A PETITION has been started urging people to support the continual operation of Kirkby Moor wind farm.

The wind farm has been in place since 1993 and has had various groups campaigning around what should be done.

The 12 turbines between Broughton and Ulverston have caused a lot of controversy, with one group called the Kirkby Moor Protectors (KMP) campaigning to stop the renewal of the existing wind farm and the installation of a new windfarm.

In December last year, South Lakeland District Council denied Ventient Energy permission to extend the lifespan of the wind farm until 2027 with six councillors to five voting to block the proposal.

But the company appealed the decision, saying continued use of the turbines would be beneficial to the community and the country’s green energy sector

KMP want the existing turbines to be removed and stop any further installation due to the value of the landscape.

Peter Howlett, a member of the Green Party’s Ulverston branch, said: “The aim of the petition is to hopefully keep the current wind turbines in place after the planning application for more efficient ones was turned down earlier this year.

“A poll found that 76 percent of the community across the country support onshore wind farms, but as always there’s a few people who disagree.

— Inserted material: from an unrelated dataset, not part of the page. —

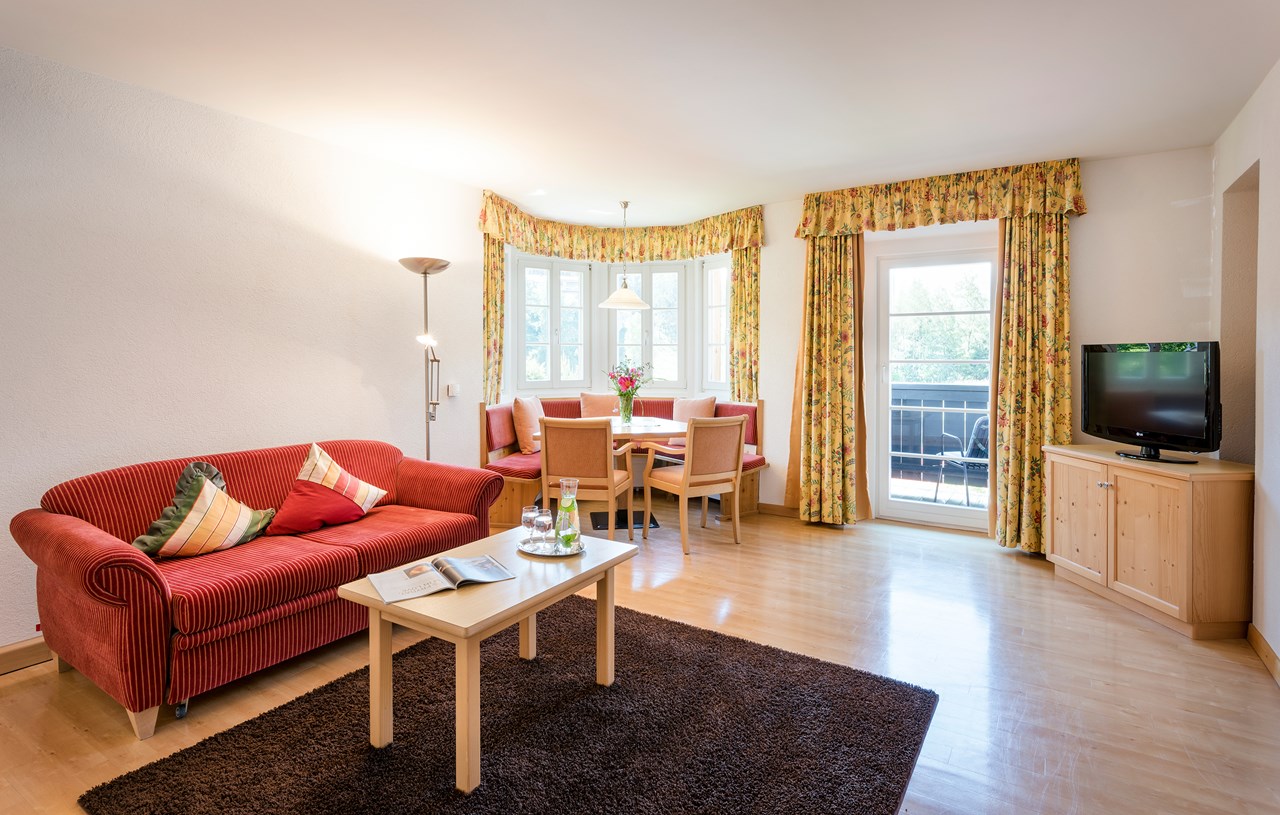 Inntalerhof - DAS Panoramahotel Zimmerkategorien Landhaus Familienappartement - mit Gartenzugang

“The Kirkby Moor Protectors are wanting the turbines taken down completely, which I personally think is utterly mad.

“It’s utterly ridiculous as to why anyone would want to stop something that provides free energy.

“I know that the main issue most people have with wind farms is the sight of them on a hill or a whooshing sound if you live nearby, but other than that I can’t see the problem.

“It’s ridiculous that people would want them taken down just because of how they look. I personally try to encourage people to look at them as a thing of beauty.

“The best thing about wind turbines is that once they’ve reached the end of their usefulness you can just take them down. This is the opposite to something like nuclear energy which ruins the landscape and the environment for generations to come.”

The final decision will be made at an inquiry in January.